After performing a comprehensive review of the client’s qualifications, the original petition cover letters, and the RFE letters received, it became evident that client’s qualifications and overall case were grossly understated and inappropriately emphasized under both self-petitioning categories. To our dismay, we discovered that the client was the one responsible for compiling an “extended resume” and exhaustive summaries (over 60 pages in length) of his qualifications and pertinent contributions to the field, which was eventually and actually submitted to the USCIS along with a condensed version of such in the form of a petition “cover letter” compiled by the original attorney on file. In this manner, the bulk of the work was left to the client, charging him with the duty to investigate and describe those qualifications and contributions which he felt conducive to Green Card petition approval. With no offense or degradation to the knowledge or intelligence of our client or any others charged with similar duties throughout their applicative involvement in the Green Card process, it is easy to see where this case, along with others similar in nature, can quickly begin take inefficient and unproductive pathways in case preparation procedures.
Therein, similar to the expertise of our client (business process consulting), we sought to remedy and redefine the internal processes by which the case could become profitable and successful, resulting in a transformed and substantially bolstered end product. Leaving the client to focus on his professional endeavors, we were able to reinvestigate the client’s qualifications, clarify the client’s specific field of endeavor, present the highlights of his background and achievements, and claim several regulatory criterion with evidence that had not been noted in the RFE and/or cover letter submitted by the original attorney. For example, the RFE letter did not even acknowledge the petitioner’s Senior-level membership in IEEE, nor did it acknowledge the qualification or significance of a specific and important contribution the petitioner made through the review of an industry manual.

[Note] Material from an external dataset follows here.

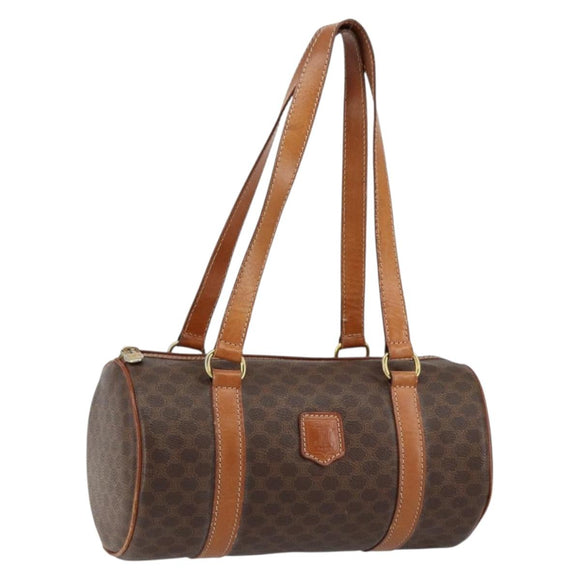 CELINE Macadam Canvas Hand Bag PVC Brown Gold Auth 151395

Accompanying these enriched elucidations with the acquisition of letters from new independent expert witnesses, we provided the USCIS with substantiating evidence to demonstrate the immense influence of the client’s business achievements throughout his specialized practice both internationally and nationally. Although the client had notable witness letters on file, our strategic selection of new references to provide improved testimonials and explanations of the client’s contributions in an overarching international context dramatically outweighed those previously submitted to the USCIS by way of focusing on the most important qualifications and realigning these emphases with the client-tailored strategy for case approval.

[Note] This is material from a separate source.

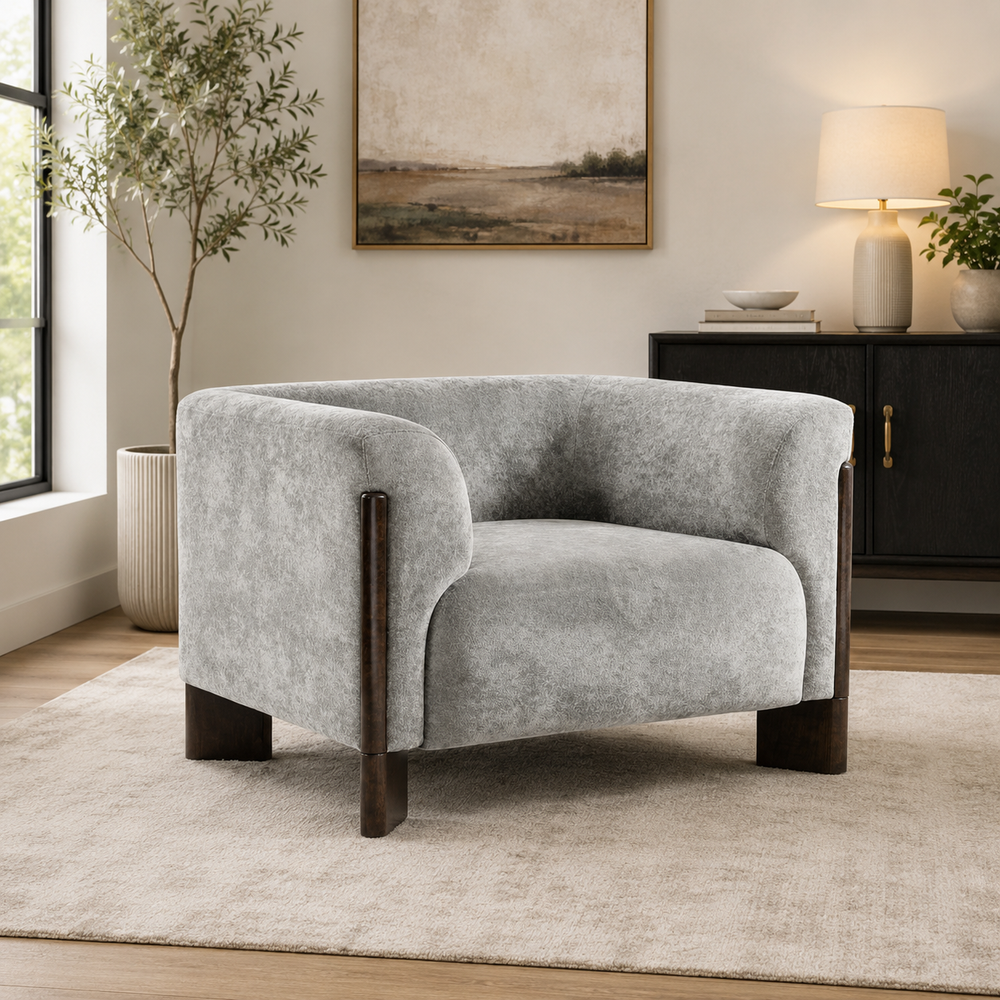 Modern grey teak wood accent lounge chair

Herewith, the USCIS does not accept the ‘excuse’ of intimately-held knowledge of contributions for business professionals, but rather extends the reasonable admission that intellectual property (IP) considerations are a common practice in business-based self-petitioner proceedings. Therefore, by highlighting and detailing the contributions of the petitioner to the best of our ability, rather than merely hiding behind the shield of IP law in business, we successfully advised the USCIS to approve the petition via providing pertinent and underscored descriptions surrounding the highlights of the petitioner’s qualifications and contributions in the field to international corporate entities without overstepping the bounds of professional courtesy and closely-held trade secrets. Respecting our redefined and unambiguous presentation of the facts and details of the case, the USCIS approved the client’s petition under both categories after just two months of receiving our response to the RFEs.
Relying on our inundated principles of advisory-based petition consul, adherence to the accurate portrayal of factual and statutory comparisons, and dedication to in-depth surveyances of clientele qualifications, we at Chen Immigration Law Associates seek to provide unwavering guidance and support in Green Card proceedings, recognizing that service, above all, trumps authority. In attribution to the success of our principled-approach, and in provision of the ultimate reward of our work, the client in the aforementioned proceedings remarked,
“Today, Victoria, is the best day of my life. You have made my life, and I will forever be grateful for your services.”